The History of Antifreeze
Charles Adolphe Wurtz, a French chemist, discovered ethylene glycol in the late 1850s, but couldn’t find any uses for it. Around fifty years later, ethylene glycol was found to be an excellent coolant, and was also used as a replacement for glycerol in explosions during the First World War. After the war, it was manufactured on a large scale for engine coolants and was revolutionary in the expansion of both the automotive and aviation industries. Antifreeze as we know it now has a wide number of uses.
Antifreeze Specifications
Antifreeze Blue – Ready to Use
| Description | Limits | Units |
| Appearance | Clear blue liquid, free from particles | |
| Density @ 20°C | 1.055 – 1.075 | g/ml |
| Monoethylene Glycol content | 47 – 50 | % w/w |
| Conforms to BS 6580 2010 | ||
| Freezing Point (as supplied) | <-35 | °C |
Non-Toxic Antifreeze
| Description | Limits | Units |
| Appearance | Clear, colourless liquid | |
| Meets ASTM D3306 Type II, ASTM D 4985, SAE J 1034, BS 6580 (1992), AFNOR NF R15-601 | ||
| S.G. @ 15°C (ASTM D 4052) | 1.030 – 1.065 | g/ml |
| Equilibrium reflux boiling point°C (ASTM D 1120) | >152 | °C |
| pH (50% vol) | 7.5 – 9.5 | |
| Freezing Point 50% vol dilution with water | -34 | °C |
| Freezing Point 33% vol dilution with water | -15 | °C |
Antifreeze Material Safety Data Sheet (MSDS)

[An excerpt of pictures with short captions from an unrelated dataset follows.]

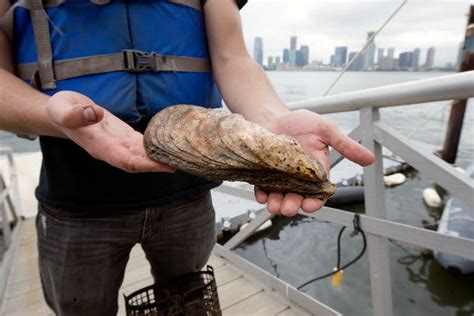 Its The Biggest Oyster Found In New York In 100 Years And It Has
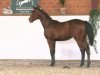 broodmare Candy Z (Zangersheide riding horse, 2011, from Commander van de Helle)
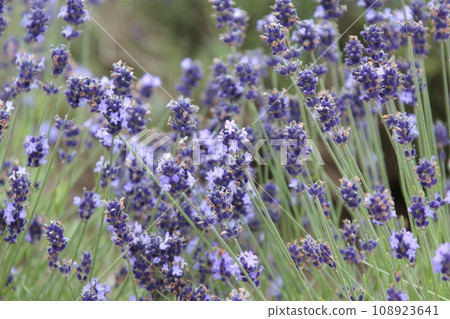薰衣草田薰衣草富良野 薰衣草田薰衣草富良野 108923641
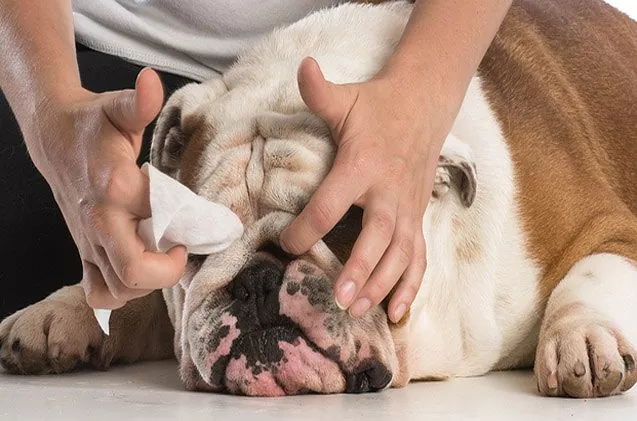 Làm sạch và lau khô các nếp nhăn dưới mắt là thao tác bắt buộc để ngăn chặn mùi hôi chua ở chó Bulldog.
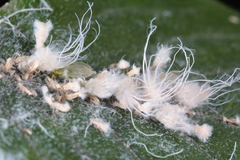 Prociphilus xylostei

Antifreeze material safety data sheets list the compounds considered significant safety hazards when used according to recommendations, including sodium silicate, sodium borate, and denatonium benzoate.
Antifreeze MSDSs list the potential hazards (including health, fire, reactivity and environmental hazards) of antifreeze and how to use or work with it safely.
And Finally…Producing Antifreeze to Stay Warm
Incredibly, in 2014 scientists announced that they had discovered five families of Antarctic dwelling fish which naturally produce ‘antifreeze’ proteins, enabling them to survive in the frigid Southern Ocean. This ability makes them so successful that these fish comprise over 90% of the total fish biomass in the area.